- **EXTRACTED INFORMATION**
##########
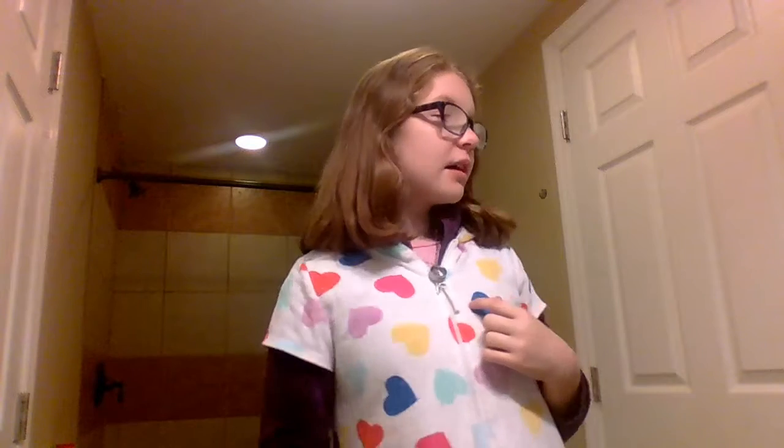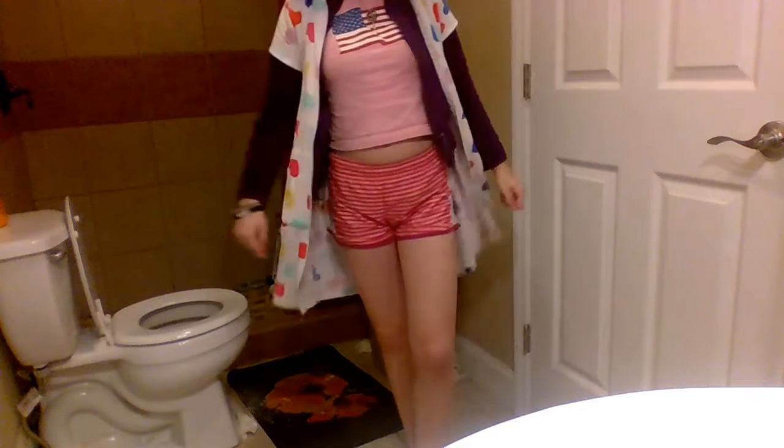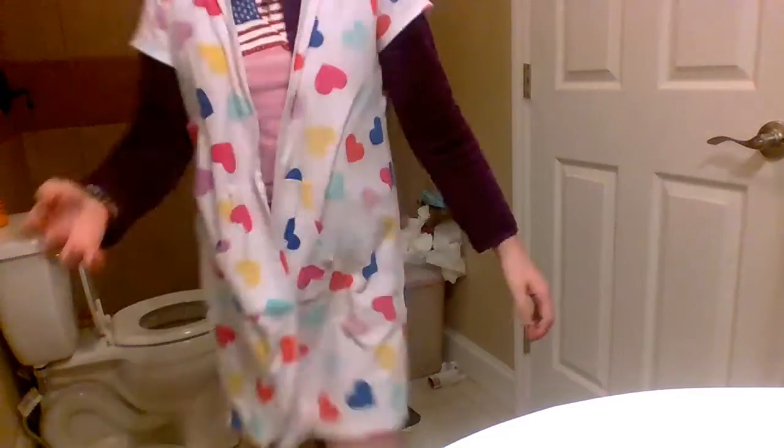So next thing I'll do is I'll put makeup or something on if I'm going somewhere, but this time I'm going to be putting some clothes on. So I'm wearing two jackets because it is really cold in my house, and I'm wearing this shirt and shorts.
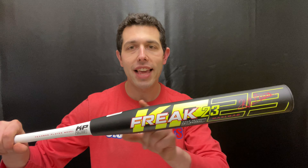This bat — Kyle Pearson likes that smaller barrel — it's going to be a 12-inch barrel, so you get obviously less of that hitting area, but you do get a little bit more of that power hitter's delight. A 12-inch barrel with a half-ounce end load up top is definitely one of those feelings that will be more for power hitters. Some guys really love that feeling.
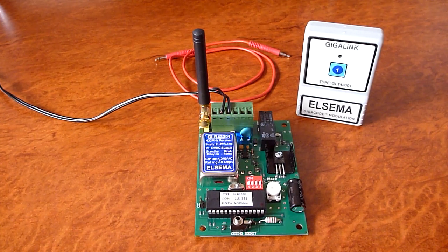Here we have an ELSEMA single channel Gigalink receiver and a transmitter, and I'm going to demonstrate single channel programming.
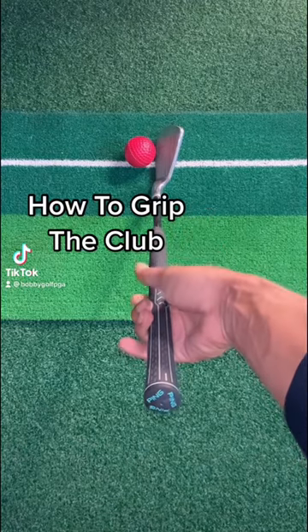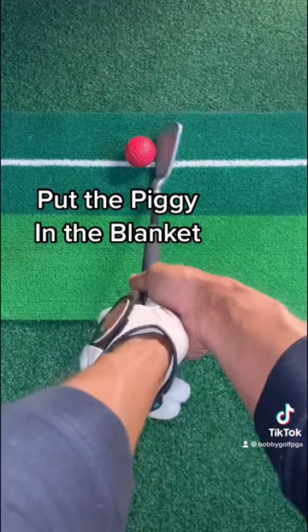Here's how to grip the club. Start with the trail hand — make a blanket, nice and snug feeling, then put the piggy in the blanket. You can also keep the blankie open, stick the piggy in it, then fold that piggy up.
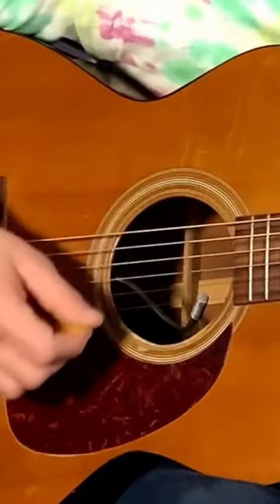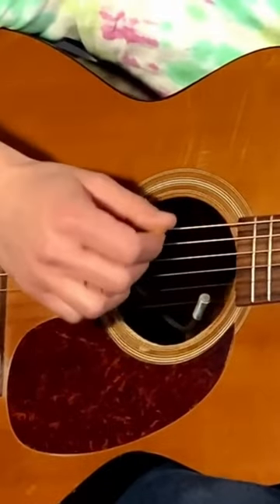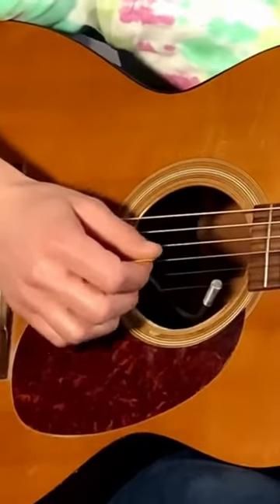So when we pick strings, we just do one at a time, like this. And strumming is the opposite of that — it's when we do multiple strings at the same time. Sometimes we do all the strings, sometimes we only do some of the strings.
##########
Lines from the one holding "Here we have" to the end of the data, both ends included, are to be given again exactly; no pictures belong in the copy.

- **EXERCISE RESPONSE**
Here we have an ELSEMA single channel Gigalink receiver and a transmitter, and I'm going to demonstrate single channel programming.
Here's how to grip the club. Start with the trail hand — make a blanket, nice and snug feeling, then put the piggy in the blanket. You can also keep the blankie open, stick the piggy in it, then fold that piggy up.
So when we pick strings, we just do one at a time, like this. And strumming is the opposite of that — it's when we do multiple strings at the same time. Sometimes we do all the strings, sometimes we only do some of the strings.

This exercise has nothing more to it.